May 8 – Then Saturday afternoon we reconvened at the Public Theater for my second dose of Bloody Bloody Andrew Jackson, which I loved again. I really respect the incredible energy of each individual performer, including the musicians, but of course most of all the charismatic Benjamin Walker in the title role. The staging is tremendous, and the play itself continues to impress me with its daredevil juxtaposition of classic American contradictions – generosity and selfishness, smarts and stupidity, victim and bully. Populism, yeah yeah! I understand they’re putting out an original cast album. Can’t wait! Misha had seen an earlier version of the show in Los Angeles and hadn’t cared for it, thought it was sophomoric and shallow. She liked it much better this time, said they’d sharpened the script, and that the addition of Danny Mefford’s choreography made a huge difference. It is sensational. In the lobby, Misha met a ninth-grade girl who was seeing the show for the third time. I can understand that. There’s a heat and energy to the show that’s just delicious to have blasting at you again and again.
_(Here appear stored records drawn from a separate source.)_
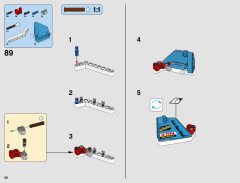 LEGO 42077 instructions page 56 – build guide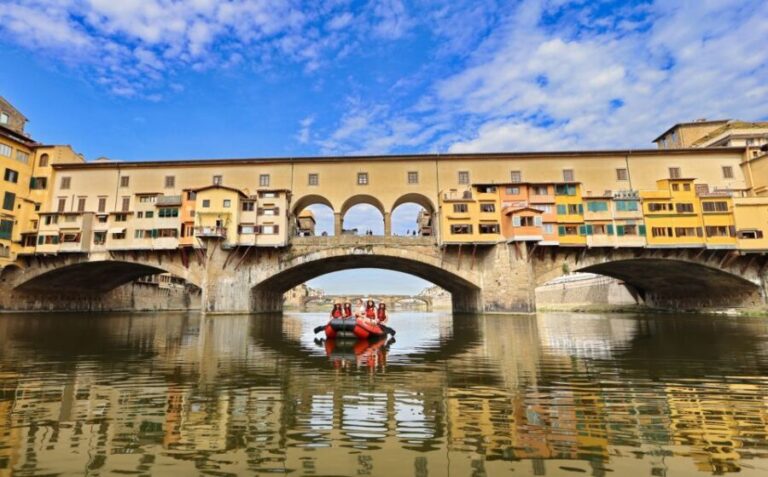Florence: Pontevecchio Bridge and City Sights Rafting Cruise - The Sum Up
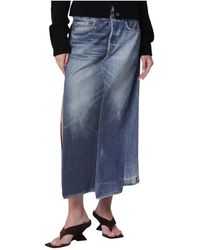 Our Legacy - Denim Skirts - Lyst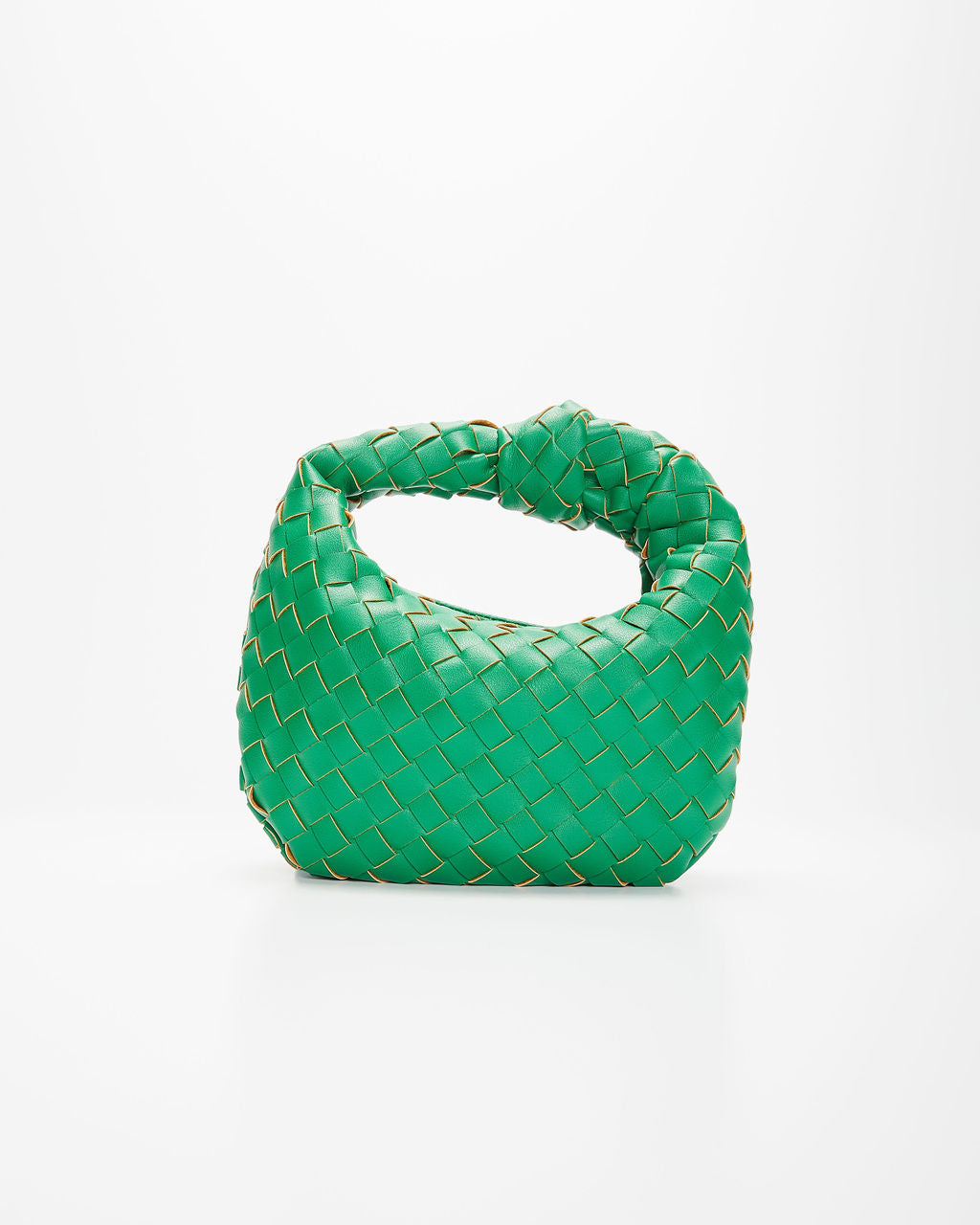 Tierra Woven Knot Handbag-Vogue Logic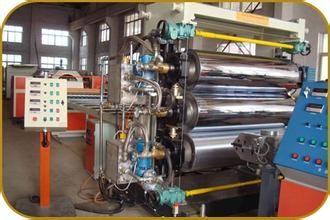 380V 50HZ Light Weight Water Proof PVC Foam Board Machine With Double Screw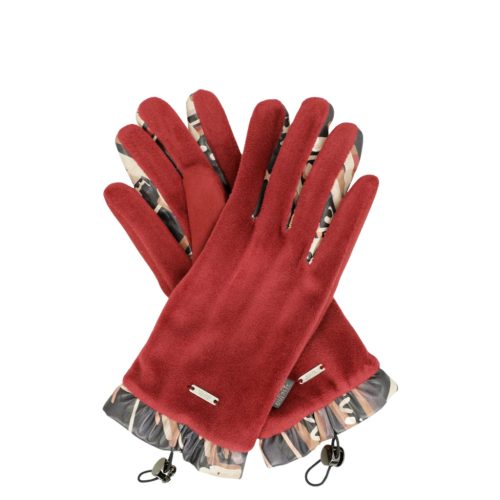 Anekke bordó kesztyű 41482-051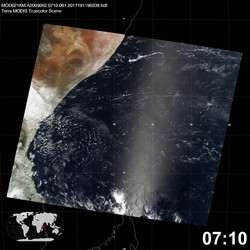 Level 1B Image at: 0710 UTC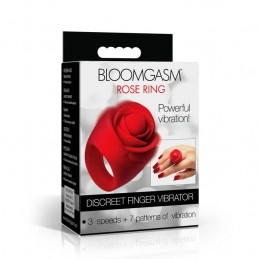 Rose Ring Discreet Finger...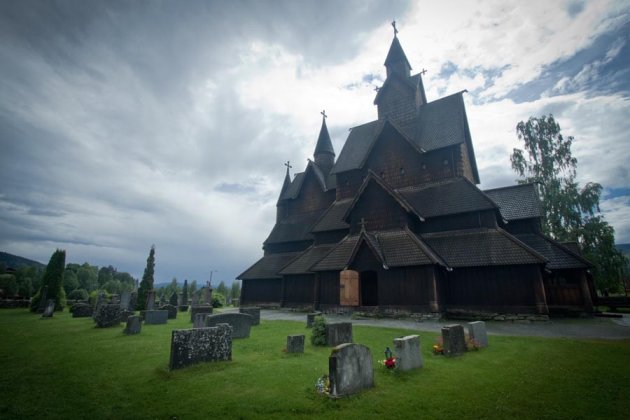 Noorse houten staafkerk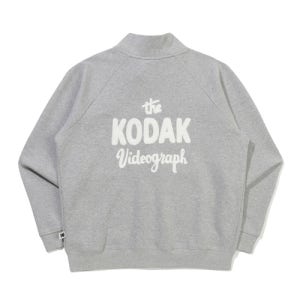 [코닥] RGB 트랙 집업 자켓 MELANGE GREY K6123LFT21MGR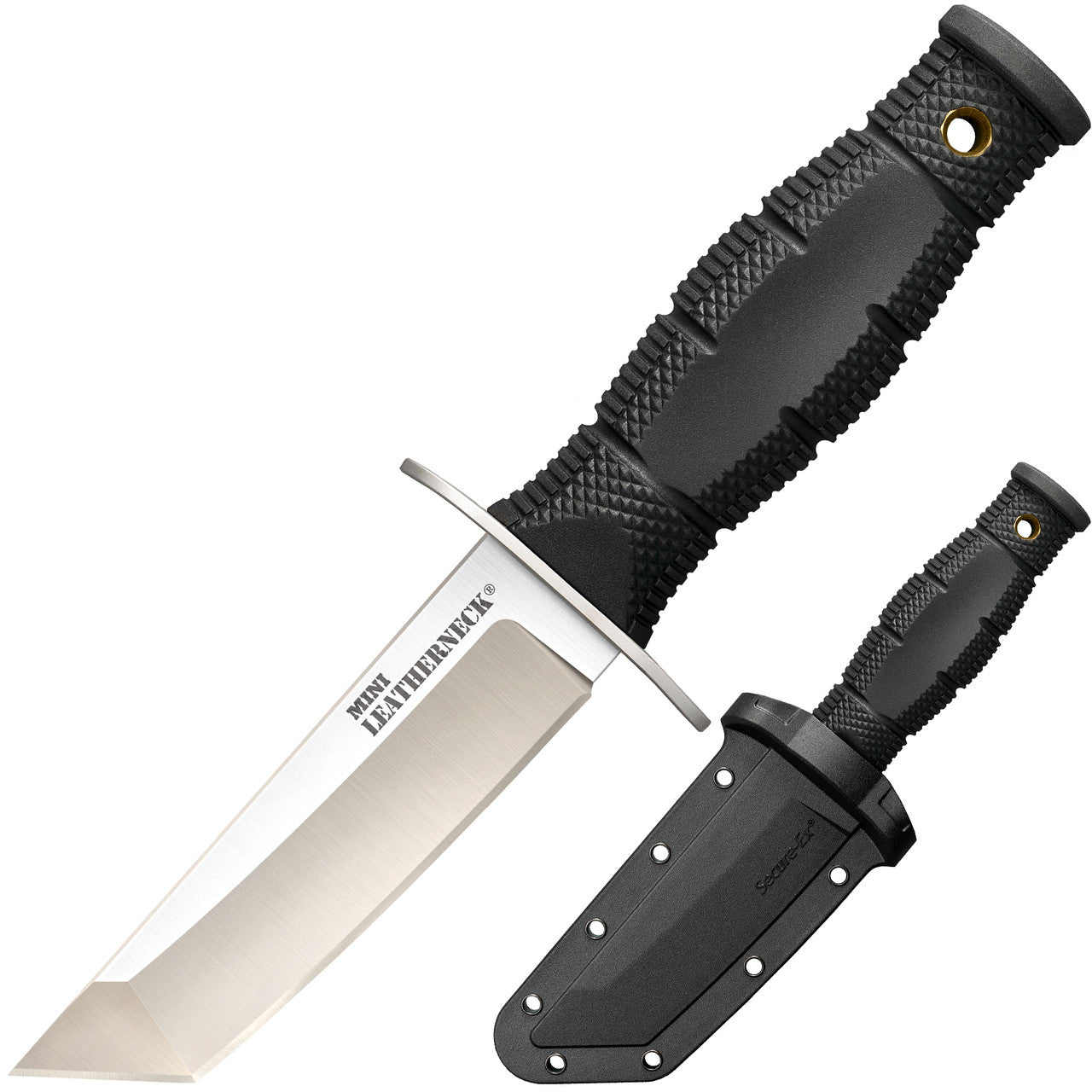 Mini Leatherneck Double Edge Spear Point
Afterwards, I grabbed a falafel and lemonade at Tahini and then made my way to my next gig, a concert called “The Roots of Bach and Beyond” by the Dessoff Choirs at Calvary St. George’s Church in Stuyvesant Square. Okay, I went because my boyfriend sings with the Dessoff, but I’m so glad I went. It was a beautiful concert, organized and conducted by Patrick Dupré Quigley. The centerpieces were two Bach motets (“Singet dem Herr nein neues Lied” and “Jesu, meine Freude”), one before intermission and one after, each preceded by pieces by composers who influenced Bach: Mendelssohn, Kuhnau, Pachelbel, Schutz, Frescobaldi, and Buxtehude. (I just love saying the name Buxtehude.) Actually, the second half began with “Immortal Bach,” a fascinating, slightly nutty 1988 piece by the Norwegian Knut Nystedt in which the sections hold notes for different intervals. The choir was in fine voice, the acoustics in the church are amazing, and Quigley’s conducting and introductory chats were exemplary. A fine time.